The node may still hold active mounts, open file handles, or client sessions.
This can lead to data corruption as applications may still be running on the
broken node with active client sessions, even though the node is marked as out
of service.

## Important Note

> ⚠️ **WARNING**: When a node becomes out of service, its mounts and device
> mappings will persist until the node undergoes a complete power lifecycle
> (includes shutdown and startup). To prevent data inconsistency or corruption,
> administrators **MUST NOT** remove the `node.kubernetes.io/out-of-service`
> taint until the node has successfully completed a full power cycle. Removing
> the taint prematurely may leave stale device states, active client sessions,
> or lingering mounts, which can lead to serious data integrity issues.

## Proposed solution

To ensure safe volume reuse and prevent stale client access during node
disruptions, the proposed solution is to track the client address during
the `NodeStageVolume()` operation and store it in the image or subvolume
metadata under the key: `.[rbd|cephfs].csi.ceph.com/clientAddress/<NodeId>`.

> Note: This metadata should not be copied when creating clones, snapshots,
> or mirror images of the volume.

This stored address can then be used:

* In `ControllerUnpublishVolume()` to blocklist or evict the client if the node
  has the `out-of-service` taints, ensuring it no longer has access to the
  volume.

Removal of blocklist can either be done manually or can be automated by enabling
CSI-Addons in Ceph-CSI deployment and creating of networkFenceClass.

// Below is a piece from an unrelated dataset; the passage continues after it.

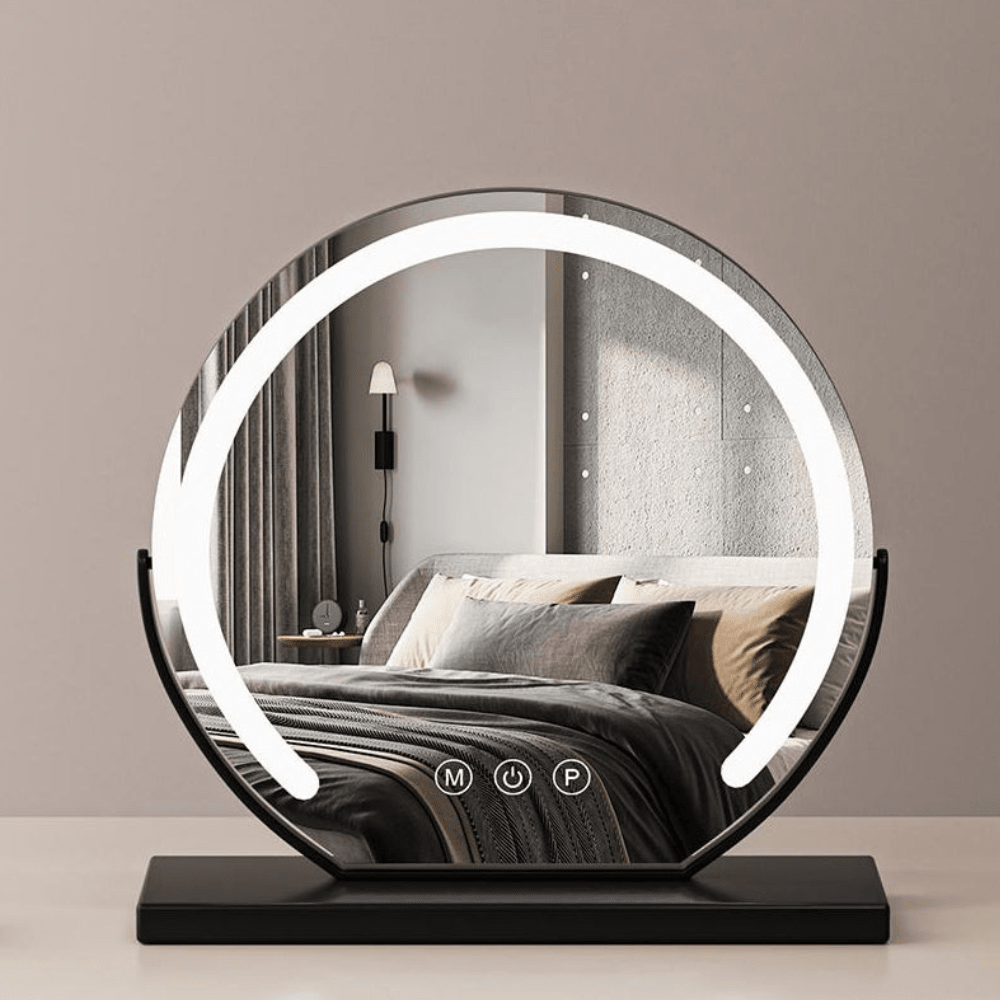Smart Touch Lighted Makeup Mirror featuring 360° rotation and adjustable tri-tone LED lighting for perfect makeup application. 5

Ceph-CSI will
auto unblocklist itself during CSI-Addons `GetFenceClient()` call when pods are
rescheduled after node recovery.

## Implementation Details

### NodeStageVolume()

* **Applicable to**: RBD and CephFS

* Before volume staging:
   * Retrieve the client address:

   * Always set it in the image/subvolume metadata:
    (`NodeId` from the plugin container argument `--nodeid`)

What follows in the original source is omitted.